Kmagrill said:
...The coverage is, theoretically, identical between the two. In practice, the higher HAAT can actually be more effective in some situations, particularly where the area to be served is relatively vast and the structure density is low.
The ERP of an FM station whose antenna radiation center exceeds the HAAT permitted for their Class must be reduced so that the distance to its 60 dB(µV/m) field intensity is the same as produced by a station using the maximum power for that class from the maximum HAAT defined for that Class and power.
But there are differences in the signal levels of the two installations.

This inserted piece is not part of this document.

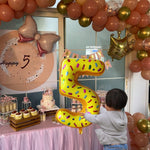 Balon din Folie Metalizata Flippy, Figurina Cifra, Imprimeu Gogosi, Tema Aniversare 100 cm, Ambalaj Individual, Pai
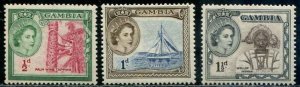 Gambia SC# 153-5 QEII Harvest Rubber, Sailboat, Woman MH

The link below leads to a graphic showing that the signal strength from the system with reduced ERP is not quite as high from the antenna site out to about 5 miles (in this case) as one with full ERP. This can be an issue for building penetration where the antenna site is in the center of a major city.
But the mitigation for that is that an FM station with reduced ERP, and suitable radiation patterns in the vertical plane will produce less multipath distortion in analog FM receivers in that zone than a full-power station located away from the city center.

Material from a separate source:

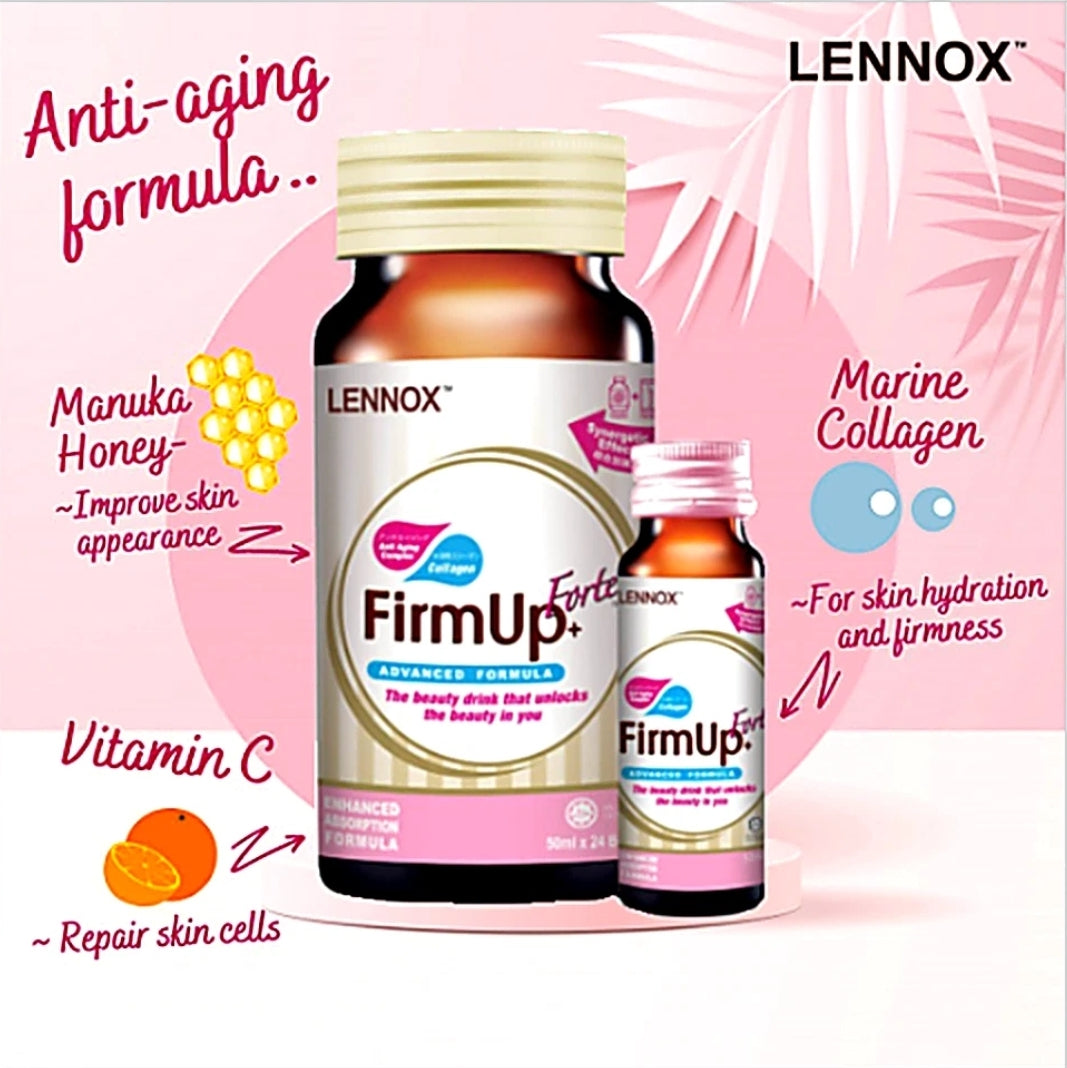 Lennox FirmUp➕️ Forte Collagen Drink 24x50ml Anti Aging Skin Firming Beauty Drink Advanced Formula💯👍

This was the case for the FMs on Sears (Willis) Tower in Chicago, who all use single-bay Harris CBR antennas having no nulls in their elevation patterns except at +/- 90 degrees.
In the graphic it can be seen that the close-in field of the 6-bay antenna is starting to drop at 1 mile, and between the antenna site and 1 mile it would contain 5 nulls, or zones where signals would be very low, and susceptible to multipath interference.